Morning drifted slow through the lab windows, pale light stretching across metal floors. Machines hummed with the same steady rhythm as yesterday, but something in the air felt… taut. Like a string pulled too tight.

Haerin stepped inside with a tired breath. The faint smell of coolant and warm circuits wrapped around her—familiar, grounding, yet today it carried a strange weight.

Hui was the first to notice her.

His soft light-bluish glow warmed as he approached, almost like a small sunrise walking toward her.

"Haerin," he greeted gently. "You didn't sleep well."

Her lips curved faintly. "You can tell?"

"You emit inconsistent micro-tremors when fatigued."

A beat.

"…also your hair is messy."

She flicked his forehead, and he gave an indignant blink.

But the moment of levity didn't last.

Her eyes drifted to the chamber.

Si-Eun's containment room sat still and silent—his particles suspended in the center like a floating constellation of hazel-gold dust.
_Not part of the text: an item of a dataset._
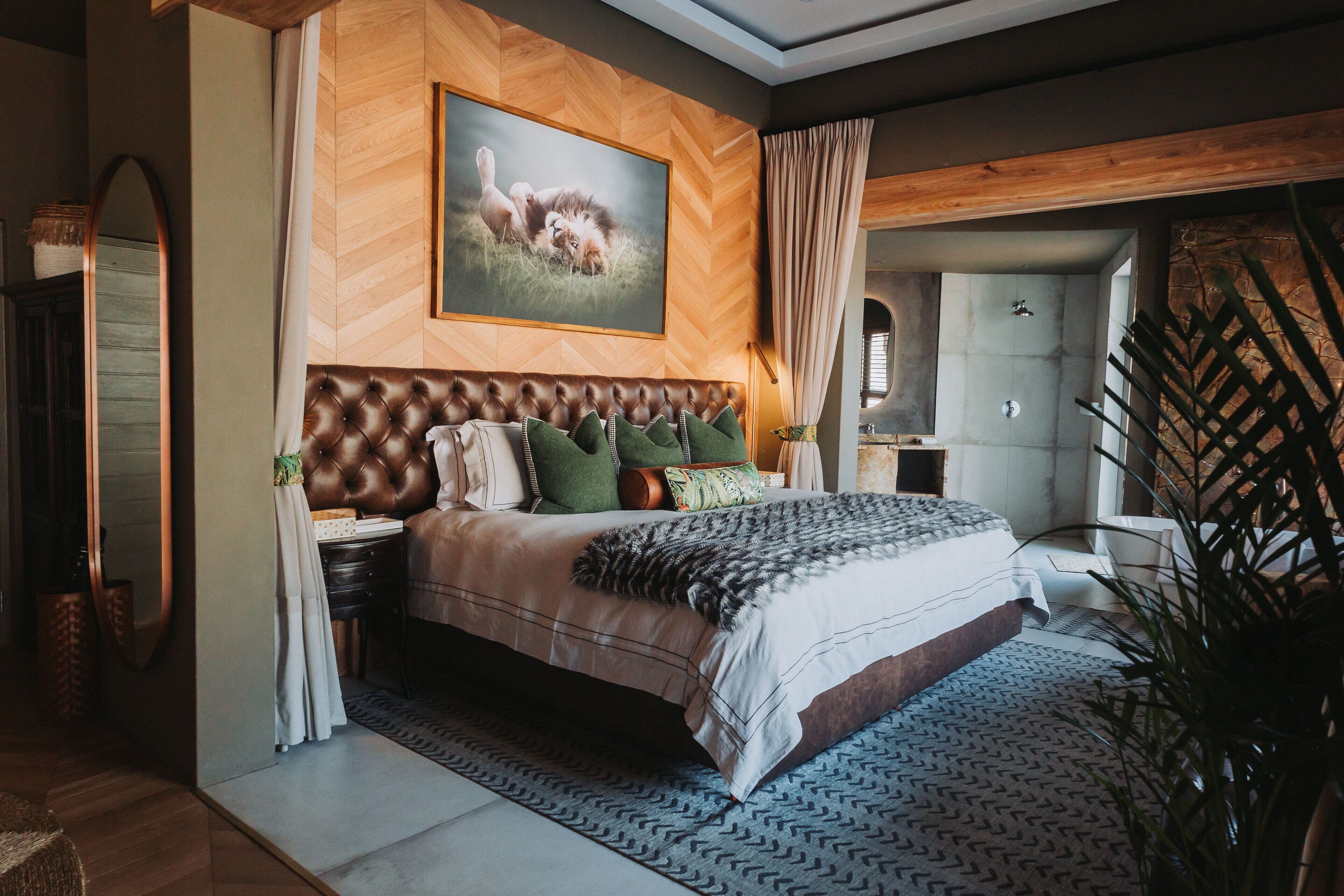 A bedroom with a large bed, a wooden headboard, a painting of a lioness, and a view of a bathroom.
They glowed softly, but without the pulse of growth or the flicker of evolution.

No progress today.

Or yesterday.

Or the day before.

Haerin approached the glass… touched her palm to it.

"Hui," she whispered, "is anything changing?"

Hui stepped beside her, running diagnostics through the interface. Thin lines of code streamed across the screen—flat, steady, uneventful.

"…Nothing yet," he said carefully. "But he's still stable. And—he responds sometimes. Just very faintly."

Her chest tightened.

She leaned her forehead against the glass, closing her eyes.

"I miss him."

Hui didn't speak.

He stood silently—not understanding the depth of her grief, but wanting to.

---

Jiho arrived moments later, breathless from rushing.

He slowed at the doorway when he saw her at the chamber.

"Haerin."

His voice was careful, as if he were afraid a wrong note would break her entirely.

She turned.

Jiho's eyes softened—no longer desperate, no longer pleading to reclaim something lost. Just… present.

Someone who had chosen to stay even after letting go.

"You eating properly?" he asked.

"That's your first question?" she managed a weak laugh.

"It's important."

Then, quieter: "You look like you're carrying the whole world again."

Haerin's gaze dropped. "It feels like it."

Jiho stepped closer but kept a respectful distance.

The kind of distance of someone who has finally learned not to force himself into spaces where he doesn't belong.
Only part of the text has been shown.